Material supplied:
------------
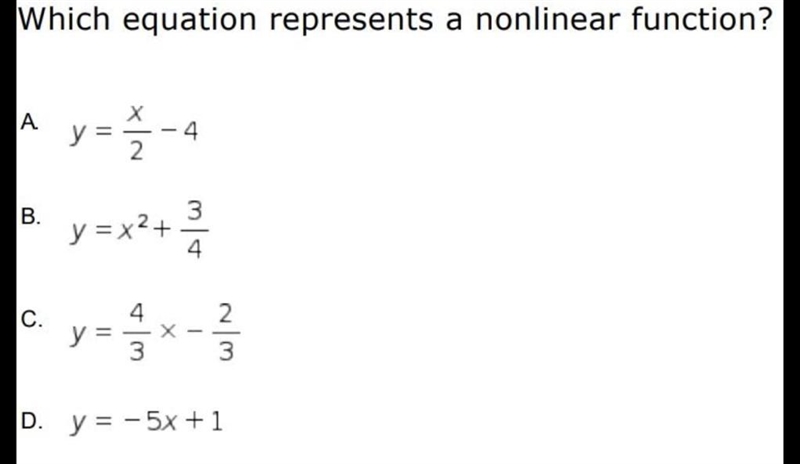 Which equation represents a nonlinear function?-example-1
------------
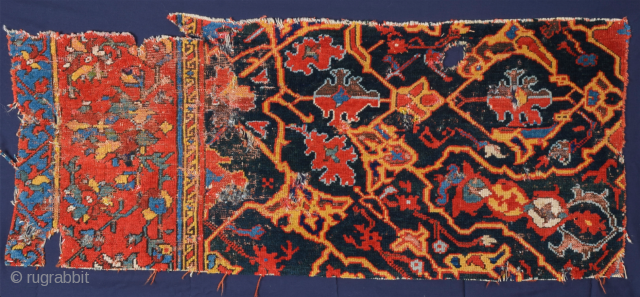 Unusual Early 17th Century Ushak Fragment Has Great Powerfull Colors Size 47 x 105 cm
------------
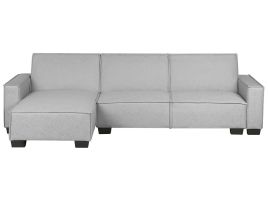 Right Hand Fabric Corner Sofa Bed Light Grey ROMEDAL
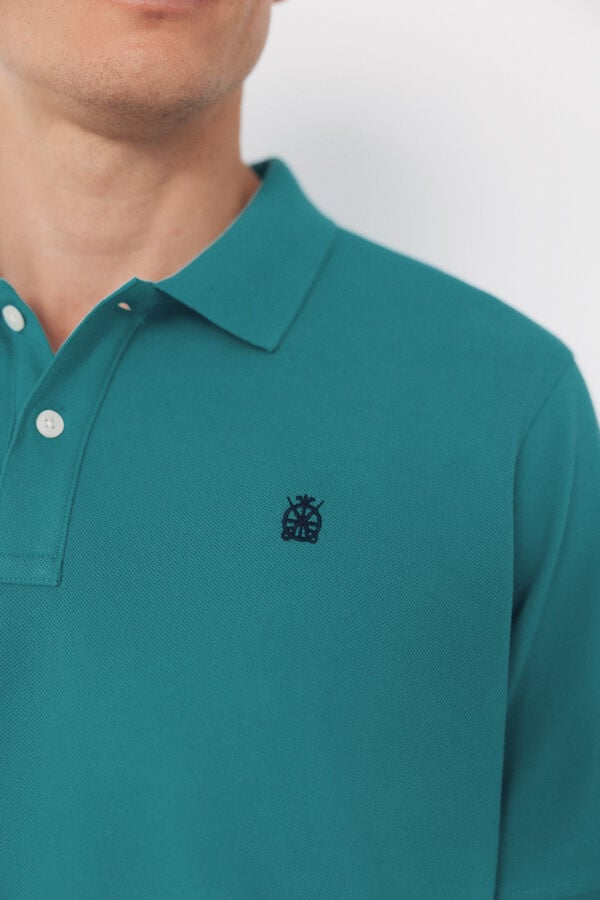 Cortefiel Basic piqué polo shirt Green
------------
Your task: Your answer must be the lines above from the one holding "Right Hand Fabric" up to and including the one holding "Cortefiel Basic piqué polo shirt Green", exact and with no pictures.

Exercise answer:
 Right Hand Fabric Corner Sofa Bed Light Grey ROMEDAL
 Cortefiel Basic piqué polo shirt Green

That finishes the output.